Palonosetron Hydrochloride (Page 2 of 5)

6.2 Postmarketing Experience

The following adverse reactions have been identified during post approval use of another intravenous formulation of palonosetron HCl. Because these reactions are reported voluntarily from a population of uncertain size, it is not always possible to reliably estimate their frequency or establish a causal relationship to drug exposure.

Very rare cases (<1/10,000) of hypersensitivity reactions including anaphylaxis and anaphylactic shock and injection site reactions (burning, induration, discomfort and pain) were reported from postmarketing experience of palonosetron HCl 0.25 mg in the prevention of chemotherapy-induced nausea and vomiting.

7 DRUG INTERACTIONS

7.1 Serotonergic Drugs

Serotonin syndrome (including altered mental status, autonomic instability, and neuromuscular symptoms) has been described following the concomitant use of 5-HT3 receptor antagonists and other serotonergic drugs, including selective serotonin reuptake inhibitors (SSRIs) and serotonin and noradrenaline reuptake inhibitors (SNRIs). Monitor for the emergence of serotonin syndrome. If symptoms occur, discontinue Palonosetron HCl Injection and initiate supportive treatment [see Warnings and Precautions (5.2)].

8 USE IN SPECIFIC POPULATIONS

8.1 Pregnancy

R i sk Summary

There are no available data on palonosetron HCl use in pregnant women to inform a drug-associated risk. In animal reproduction studies, no effects on embryo-fetal development were observed with the administration of oral palonosetron HCl to rats and rabbits during organogenesis at doses up to 1894 and 3789 times the recommended human intravenous dose, respectively [see Data].

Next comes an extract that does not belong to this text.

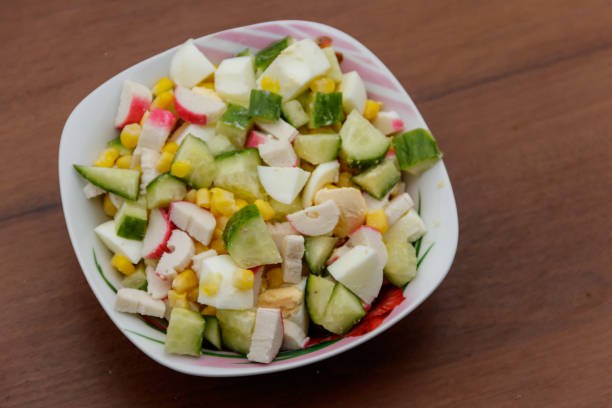istock Salad with crab sticks, sweet corn, cucumber and eggs on wooden table 902407578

The estimated background risk of major birth defects and miscarriage for the indicated population is unknown. In the U.S. general population, the estimated background risk of major birth defects and miscarriage in clinically recognized pregnancies is 2 to 4% and 15 to 20%, respectively.

D ata

Animal Data

In animal reproduction studies, no effects on embryo-fetal development were observed in pregnant rats given oral palonosetron HCl at doses up to 60 mg/kg/day (1894 times the recommended human intravenous dose based on body surface area) or pregnant rabbits given oral doses up to 60 mg/kg/day (3789 times the recommended human intravenous dose based on body surface area) during the period of organogenesis.

8.2 Lactation

R i sk Summary

There are no data on the presence of palonosetron in human milk, the effects of palonosetron on the breastfed infant, or the effects of palonosetron on milk production. The developmental and health benefits of breastfeeding should be considered along with the mother’s clinical need for Palonosetron HCl Injection and any potential adverse effects on the breastfed infant from palonosetron or from the underlying maternal condition.

8.4 Pediatric Use

This product has not been approved for use in pediatric patients for prevention of chemotherapy-induced nausea and vomiting.

8.5 Geriatric Use

Of the 1374 adult cancer patients in clinical studies of intravenously administered palonosetron HCl for CINV, 316 (23%) were aged 65 years and over, while 71 (5%) were aged 75 years and over. No overall differences in safety or effectiveness were observed between these subjects and the younger subjects, but greater sensitivity in some older individuals cannot be ruled out. Population pharmacokinetics analysis did not reveal any differences in palonosetron pharmacokinetics between cancer patients aged 65 years and older and younger patients (18 to 64 years). No dose adjustment or special monitoring are required for geriatric patients.

10 OVERDOSAGE

There is no known antidote to palonosetron HCl. Overdose should be managed with supportive care.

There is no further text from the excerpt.